_Task instructions_: Return the data below exactly, stopping after the line with "Image realistic about".

::: Exercise data

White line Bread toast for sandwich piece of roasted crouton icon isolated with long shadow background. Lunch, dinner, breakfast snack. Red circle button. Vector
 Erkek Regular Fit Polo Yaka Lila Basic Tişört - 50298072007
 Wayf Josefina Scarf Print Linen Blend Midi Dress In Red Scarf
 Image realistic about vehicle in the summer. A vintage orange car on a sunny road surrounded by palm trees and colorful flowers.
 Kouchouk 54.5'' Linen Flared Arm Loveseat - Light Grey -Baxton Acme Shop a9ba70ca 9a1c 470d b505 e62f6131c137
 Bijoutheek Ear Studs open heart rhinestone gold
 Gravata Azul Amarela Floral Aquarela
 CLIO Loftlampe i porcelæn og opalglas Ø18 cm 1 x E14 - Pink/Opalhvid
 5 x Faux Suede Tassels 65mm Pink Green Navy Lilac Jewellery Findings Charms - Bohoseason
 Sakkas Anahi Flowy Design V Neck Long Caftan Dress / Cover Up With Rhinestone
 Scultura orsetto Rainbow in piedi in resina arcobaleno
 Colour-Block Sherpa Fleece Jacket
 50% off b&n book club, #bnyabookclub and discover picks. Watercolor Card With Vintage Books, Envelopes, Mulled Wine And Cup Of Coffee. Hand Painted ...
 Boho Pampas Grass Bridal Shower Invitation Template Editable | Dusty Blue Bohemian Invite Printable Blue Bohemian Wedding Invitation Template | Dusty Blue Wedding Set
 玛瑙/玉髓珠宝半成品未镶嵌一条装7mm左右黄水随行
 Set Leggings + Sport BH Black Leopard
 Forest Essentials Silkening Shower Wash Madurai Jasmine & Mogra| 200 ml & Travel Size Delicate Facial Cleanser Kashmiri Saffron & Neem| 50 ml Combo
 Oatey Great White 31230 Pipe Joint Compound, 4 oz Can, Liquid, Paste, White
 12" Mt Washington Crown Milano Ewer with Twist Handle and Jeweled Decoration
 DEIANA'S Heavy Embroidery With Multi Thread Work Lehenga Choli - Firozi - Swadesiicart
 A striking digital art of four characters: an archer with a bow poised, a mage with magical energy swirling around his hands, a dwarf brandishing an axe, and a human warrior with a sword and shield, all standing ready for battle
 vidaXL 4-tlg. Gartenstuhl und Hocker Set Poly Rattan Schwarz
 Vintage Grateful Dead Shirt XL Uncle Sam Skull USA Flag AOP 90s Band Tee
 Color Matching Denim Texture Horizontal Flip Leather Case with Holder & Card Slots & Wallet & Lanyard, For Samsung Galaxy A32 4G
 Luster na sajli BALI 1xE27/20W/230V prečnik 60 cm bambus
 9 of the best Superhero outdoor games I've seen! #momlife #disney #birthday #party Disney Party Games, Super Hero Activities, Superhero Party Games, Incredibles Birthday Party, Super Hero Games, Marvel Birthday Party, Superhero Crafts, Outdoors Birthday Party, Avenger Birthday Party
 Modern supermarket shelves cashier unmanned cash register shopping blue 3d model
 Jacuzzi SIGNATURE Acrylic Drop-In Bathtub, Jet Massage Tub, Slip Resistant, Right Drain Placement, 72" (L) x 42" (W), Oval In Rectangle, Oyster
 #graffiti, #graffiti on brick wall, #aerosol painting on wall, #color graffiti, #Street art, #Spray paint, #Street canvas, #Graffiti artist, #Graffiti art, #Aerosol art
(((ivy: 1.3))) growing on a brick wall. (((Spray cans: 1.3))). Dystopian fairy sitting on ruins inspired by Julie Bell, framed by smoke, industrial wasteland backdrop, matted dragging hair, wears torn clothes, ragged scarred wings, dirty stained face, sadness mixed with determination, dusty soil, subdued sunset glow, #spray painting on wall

::::::

_Answer section_:
White line Bread toast for sandwich piece of roasted crouton icon isolated with long shadow background. Lunch, dinner, breakfast snack. Red circle button. Vector
 Erkek Regular Fit Polo Yaka Lila Basic Tişört - 50298072007
 Wayf Josefina Scarf Print Linen Blend Midi Dress In Red Scarf
 Image realistic about vehicle in the summer. A vintage orange car on a sunny road surrounded by palm trees and colorful flowers.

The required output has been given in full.